Un presidente del Consiglio che ha voluto una riforma come la Buona scuola cosa ha in comune con chi teorizzava il fatto che tutti gli uomini sono intellettuali e che la scuola è un cardine della lotta per lo sviluppo umano? Cosa c’entra davvero il Pd di oggi con il partito Principe di cui parlava Gramsci? I fatti, cioè le riforme renziane “centraliste”, vanno in direzione contraria rispetto ai concetti espressi nei Quaderni in cui le masse erano comunque sempre protagoniste nella lotta di emancipazione. E non si venga a dire che oggi non c’è bisogno di emancipazione, con i 4 milioni e mezzo di italiani in povertà assoluta, il quasi 40 per cento di disoccupazione giovanile e il record di abbandoni scolastici rispetto all’Europa.

Anche a sinistra del Pd, tuttavia, non si può dire che ci sia una corsa frenetica per prendere o comunque studiare l’opera di Gramsci.
Vedremo cosa uscirà oggi dal convegno Gramsci ottanta anni dopo a Roma (ore 9, Sala Gonzaga, Via della Consolazione 4), promosso da Sinistra italiana e organizzato dal professor Michele Prospero. Tra i partecipanti, Stefano Fassina, Luciana Castellina, Nicola Fratoianni, Claudio De Fiores, Piero Bevilacqua. (per la diretta qui)

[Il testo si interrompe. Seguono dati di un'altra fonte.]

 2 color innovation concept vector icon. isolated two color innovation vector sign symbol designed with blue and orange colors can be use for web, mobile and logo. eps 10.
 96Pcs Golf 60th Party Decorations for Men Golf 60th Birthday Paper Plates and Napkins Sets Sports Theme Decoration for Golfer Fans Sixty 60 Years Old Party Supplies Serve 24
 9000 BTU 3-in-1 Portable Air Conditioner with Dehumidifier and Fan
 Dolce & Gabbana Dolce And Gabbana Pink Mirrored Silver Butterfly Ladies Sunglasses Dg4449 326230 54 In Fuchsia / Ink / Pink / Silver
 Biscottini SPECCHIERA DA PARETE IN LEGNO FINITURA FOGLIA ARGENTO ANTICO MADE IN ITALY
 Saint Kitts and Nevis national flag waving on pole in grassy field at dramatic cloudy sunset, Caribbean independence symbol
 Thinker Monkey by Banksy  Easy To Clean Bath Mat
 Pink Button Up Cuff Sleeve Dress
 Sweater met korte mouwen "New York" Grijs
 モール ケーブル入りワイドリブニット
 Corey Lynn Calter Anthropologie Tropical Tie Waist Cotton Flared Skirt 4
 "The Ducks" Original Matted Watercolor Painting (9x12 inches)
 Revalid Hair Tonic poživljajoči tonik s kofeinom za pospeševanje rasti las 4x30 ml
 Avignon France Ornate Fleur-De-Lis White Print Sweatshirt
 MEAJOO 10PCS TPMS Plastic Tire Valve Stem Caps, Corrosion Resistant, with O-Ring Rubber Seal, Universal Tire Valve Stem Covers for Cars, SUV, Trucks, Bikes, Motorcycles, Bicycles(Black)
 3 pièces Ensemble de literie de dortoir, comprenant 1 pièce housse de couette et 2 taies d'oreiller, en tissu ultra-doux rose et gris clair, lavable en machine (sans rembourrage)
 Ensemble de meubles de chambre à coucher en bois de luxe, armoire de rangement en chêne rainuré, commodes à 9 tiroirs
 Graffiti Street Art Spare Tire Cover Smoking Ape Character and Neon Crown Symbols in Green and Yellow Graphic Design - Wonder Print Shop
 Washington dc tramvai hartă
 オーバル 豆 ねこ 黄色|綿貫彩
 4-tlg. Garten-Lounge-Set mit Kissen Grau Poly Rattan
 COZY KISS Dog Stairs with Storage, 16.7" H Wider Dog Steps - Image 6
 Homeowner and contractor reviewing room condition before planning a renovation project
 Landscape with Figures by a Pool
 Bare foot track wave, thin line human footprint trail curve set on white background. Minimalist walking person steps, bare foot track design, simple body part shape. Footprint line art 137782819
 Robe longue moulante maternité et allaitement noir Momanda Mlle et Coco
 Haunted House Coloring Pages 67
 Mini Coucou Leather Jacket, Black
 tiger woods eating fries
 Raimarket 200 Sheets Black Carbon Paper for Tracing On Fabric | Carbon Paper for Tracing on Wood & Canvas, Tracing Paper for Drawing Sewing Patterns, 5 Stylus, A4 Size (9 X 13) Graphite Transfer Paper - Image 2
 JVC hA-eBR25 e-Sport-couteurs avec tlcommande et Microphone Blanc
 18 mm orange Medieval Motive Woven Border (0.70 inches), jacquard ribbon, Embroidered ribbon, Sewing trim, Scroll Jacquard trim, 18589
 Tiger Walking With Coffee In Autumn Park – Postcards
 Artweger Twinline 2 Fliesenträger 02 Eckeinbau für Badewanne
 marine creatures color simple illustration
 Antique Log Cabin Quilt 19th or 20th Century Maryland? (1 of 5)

Oggi Gramsci verrà commemorato anche alla Camera dei deputati dove, ricordiamo, venne eletto il 6 aprile 1924. Una carica che mantenne fino all’8 novembre 1926 quando venne arrestato. Per lui si sarebbe spalancato il portone di varie carceri italiane dove però con una forza incredibile, pur in condizioni di salute sempre più precarie fino a farsi gravi dal 1935, riuscì a scrivere la grande opera che Mario Lavia su L’unitàdefinisce «una mole inevitabilmente di teoria “disorganica”». In realtà rappresenta una ricerca politica e culturale che non ha precedenti in Italia né prima e né dopo Gramsci. «Non c’è un argomento dello scibile umano di cui lui non si sia occupato», conferma Angelo d’Orsi.

Linguaggio, arte e letteratura, scuola, giornalismo, organizzazione politica, sono solo alcuni temi che si ritrovano nei Quaderni. I libriccini che cominciò a scrivere nel 1929 nel carcere di Turi saranno in mostra nella Sala della Lupa alla Camera fino al 7 giugno a cura della Fondazione Gramsci. Per la prima volta vengono esposti gli originali dei 33 quaderni e di cento volumi, tra libri e riviste, in possesso di Gramsci durante la detenzione. I manoscritti sono esposti accanto alla loro versione digitale e possono essere sfogliati integralmente.

Sempre oggi dalle 18 nella sede della Enciclopedia italiana il doppio evento Passato e presente, con One day exhibition, una installazione di Elisabetta Benassi e l’esecuzione dell’opera di Luigi Nono La fabbrica illuminata.

Quasi a sottolineare il legame con la cultura e l’arte che Gramsci aveva sempre avuto anche come giornalista e di cui si parla ampiamente anche nel numero in edicola di Left. Un’altra prova della grandezza della sua figura, in cui la politica va di pari passo con la cultura. Qualsiasi paragone con l’oggi è assolutamente improponibile.